An exact repetition of every entry, with no images, is the required answer.
:: Information shown ::
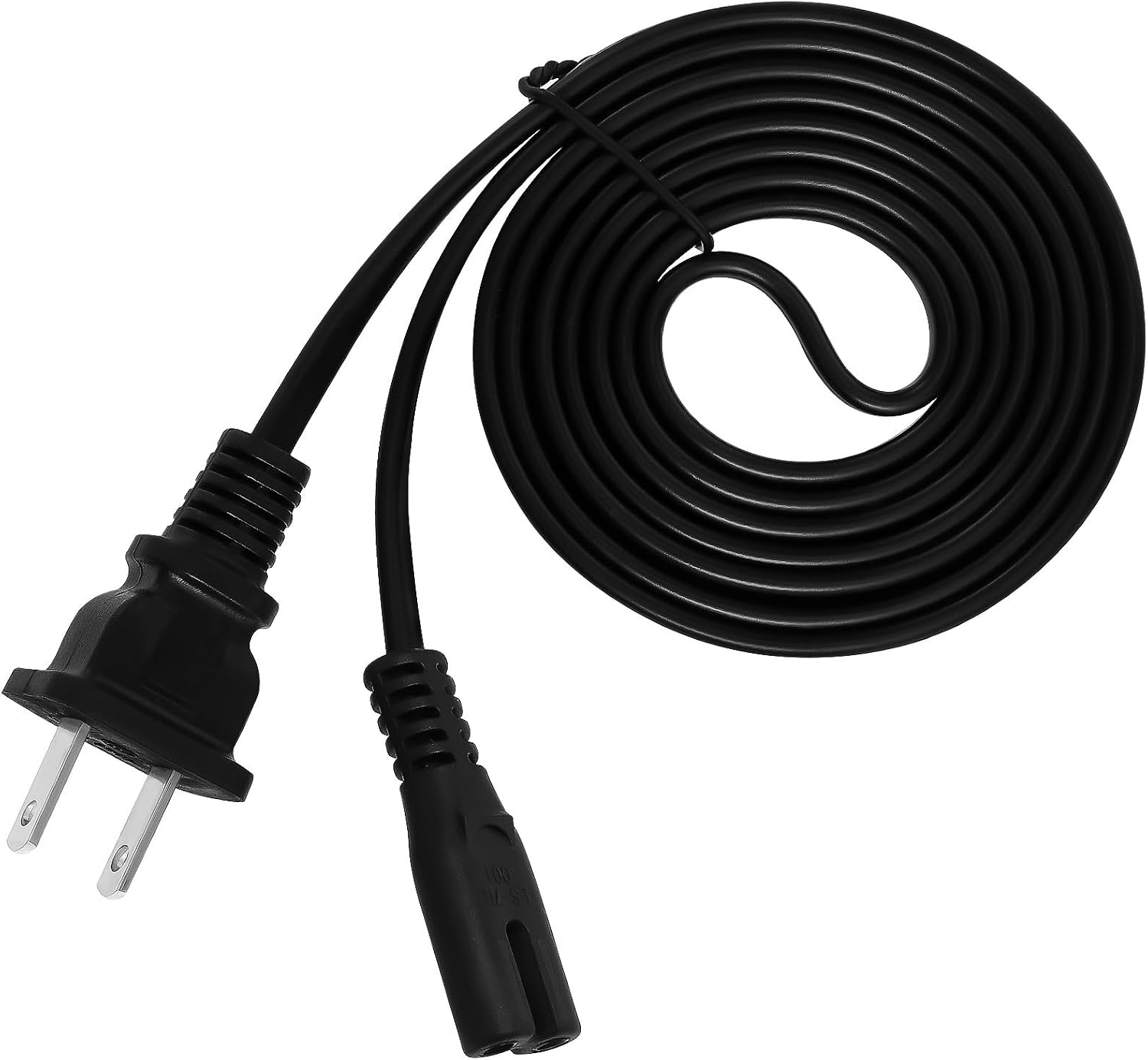 SEWACC 10pcs Copper Power Cord Replacement Ac Cable for Tv Lamp US Plug Electrical Extension Cables Compatible with Low-Power Devices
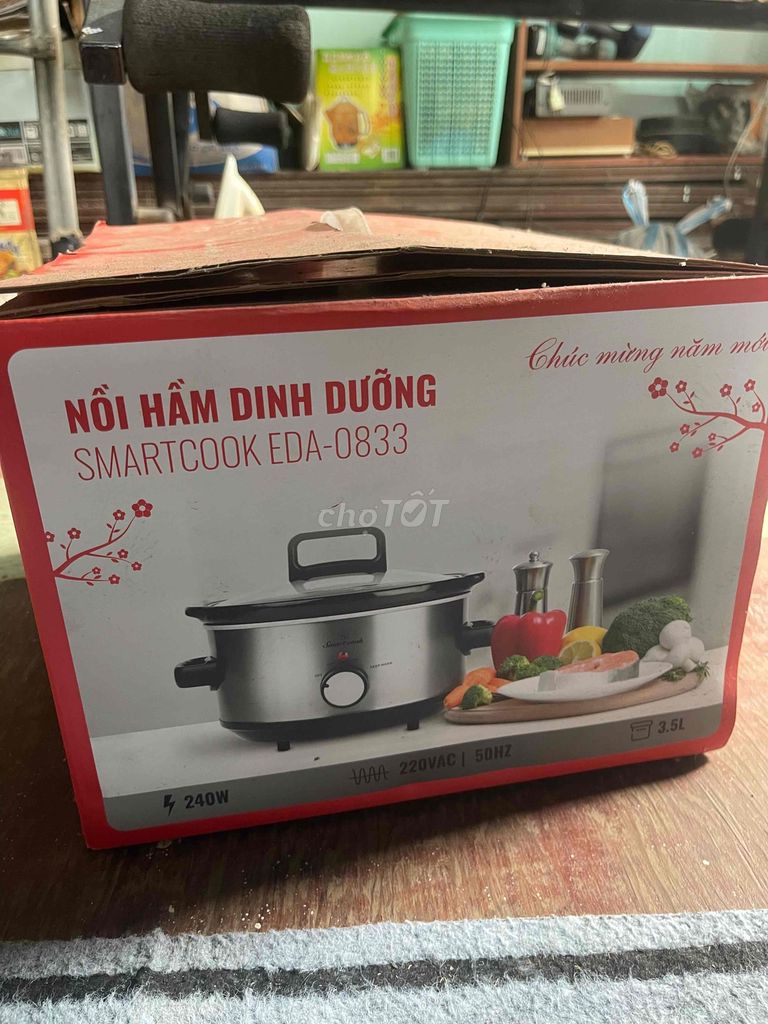 Nồi hầm Smartcook EDA-0833 3.5L. Mua bán Bếp, lò, đồ điện nhà bếp tại Quận Hải Châu Đà Nẵng được đăng bởi kb kb kb hình 1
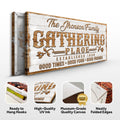 Gathering Place Personalized Sign II by Tailored Canvases
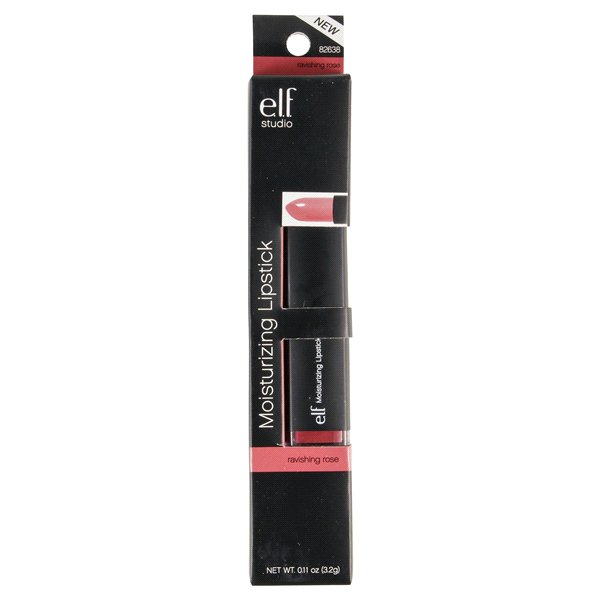 slide 1 of 1, e.l.f. Moisturizing Lipstick - Ravishing Rose, 0.1 oz
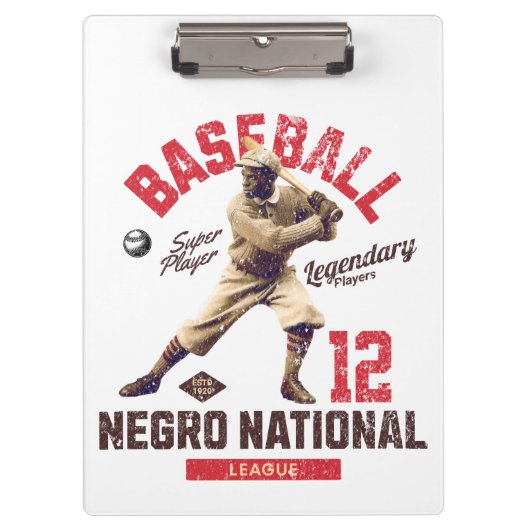 Baseball Legends Negro National League, EST 1920 Klemmbrett (Vorderseite)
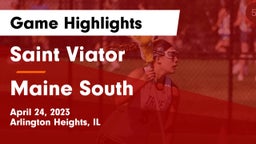 Saint Viator  vs Maine South  Game Highlights - April 24, 2023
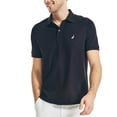 thumbnail image 1 of Polo Nautica para hombre, manga corta, acabado liso, color negro intenso, 1 of 5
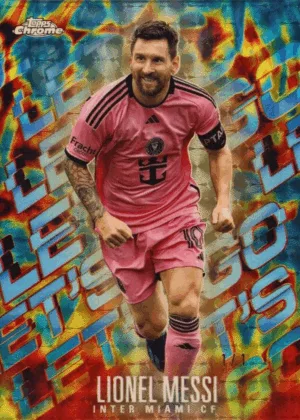 Lionel Messi’s 2024 Topps Chrome MLS “Let’s Go!” Superfractor 1/1 Sells for $9,450 at Fanatics Collect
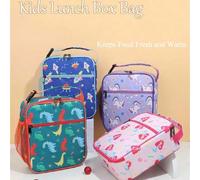 Shein 1 pieza Lonchera Aislada - Mantiene los Alimentos Frescos y Calientes, Gran Capacidad, Bolsa de Aislamiento con Lindo Diseño de Dibujos Animados, Opci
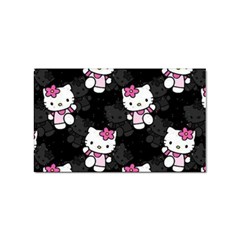 Hello Kitty, Pattern, Supreme Sticker Rectangular (100 Pack) by nateshop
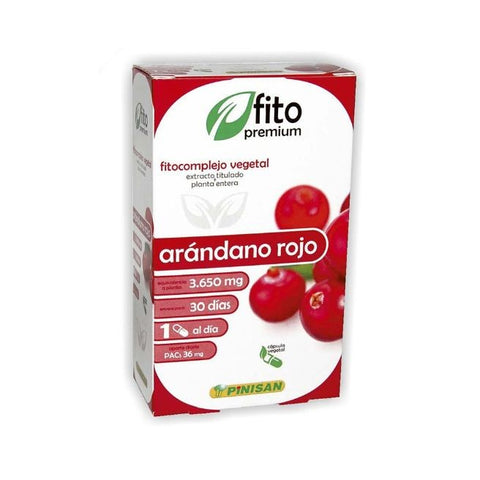 Comprar online FITOPREMIUM ARANDANO ROJO 30 Caps de PINISAN. Imagen 1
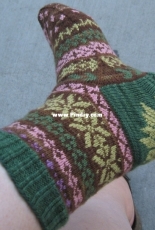 Jennys Leftover Socks by Laura Jenkins-Free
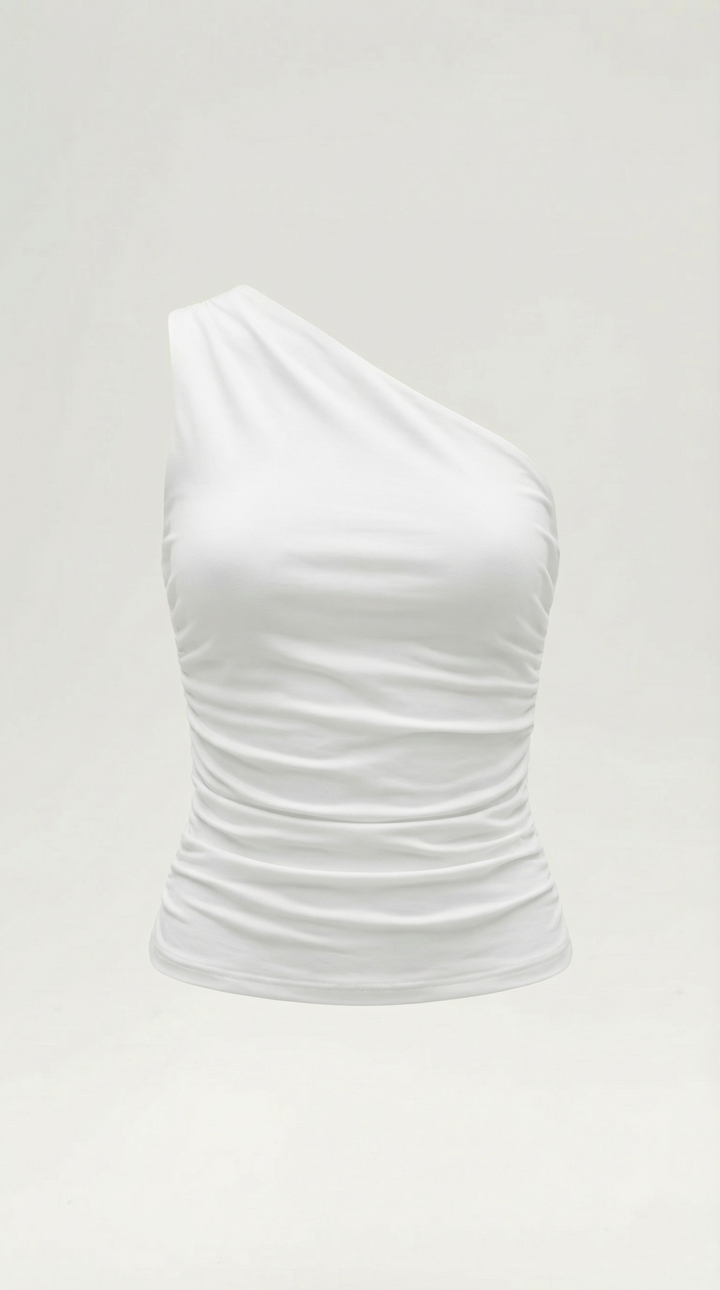 Elise | Women's Sleeveless One-Shoulder Top Chic
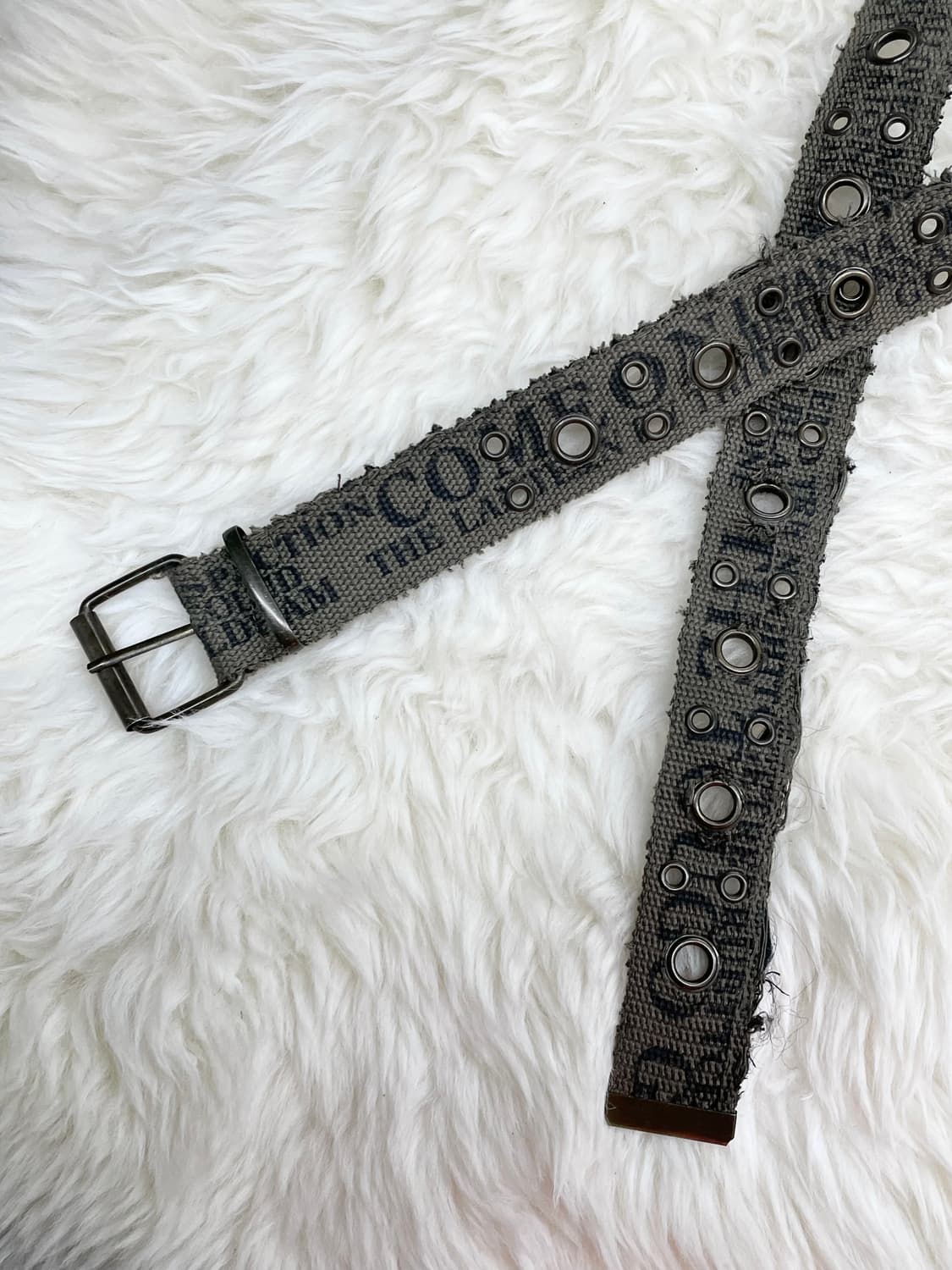 그런지 펀칭 레터링 벨트 상품이미지6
:::
Completed exercise:
 SEWACC 10pcs Copper Power Cord Replacement Ac Cable for Tv Lamp US Plug Electrical Extension Cables Compatible with Low-Power Devices
 Nồi hầm Smartcook EDA-0833 3.5L. Mua bán Bếp, lò, đồ điện nhà bếp tại Quận Hải Châu Đà Nẵng được đăng bởi kb kb kb hình 1
 Gathering Place Personalized Sign II by Tailored Canvases
 slide 1 of 1, e.l.f. Moisturizing Lipstick - Ravishing Rose, 0.1 oz
 Baseball Legends Negro National League, EST 1920 Klemmbrett (Vorderseite)
 Saint Viator  vs Maine South  Game Highlights - April 24, 2023
 thumbnail image 1 of Polo Nautica para hombre, manga corta, acabado liso, color negro intenso, 1 of 5
 Lionel Messi’s 2024 Topps Chrome MLS “Let’s Go!” Superfractor 1/1 Sells for $9,450 at Fanatics Collect
 Shein 1 pieza Lonchera Aislada - Mantiene los Alimentos Frescos y Calientes, Gran Capacidad, Bolsa de Aislamiento con Lindo Diseño de Dibujos Animados, Opci
 Hello Kitty, Pattern, Supreme Sticker Rectangular (100 Pack) by nateshop
 Comprar online FITOPREMIUM ARANDANO ROJO 30 Caps de PINISAN. Imagen 1
 Jennys Leftover Socks by Laura Jenkins-Free
 Elise | Women's Sleeveless One-Shoulder Top Chic
 그런지 펀칭 레터링 벨트 상품이미지6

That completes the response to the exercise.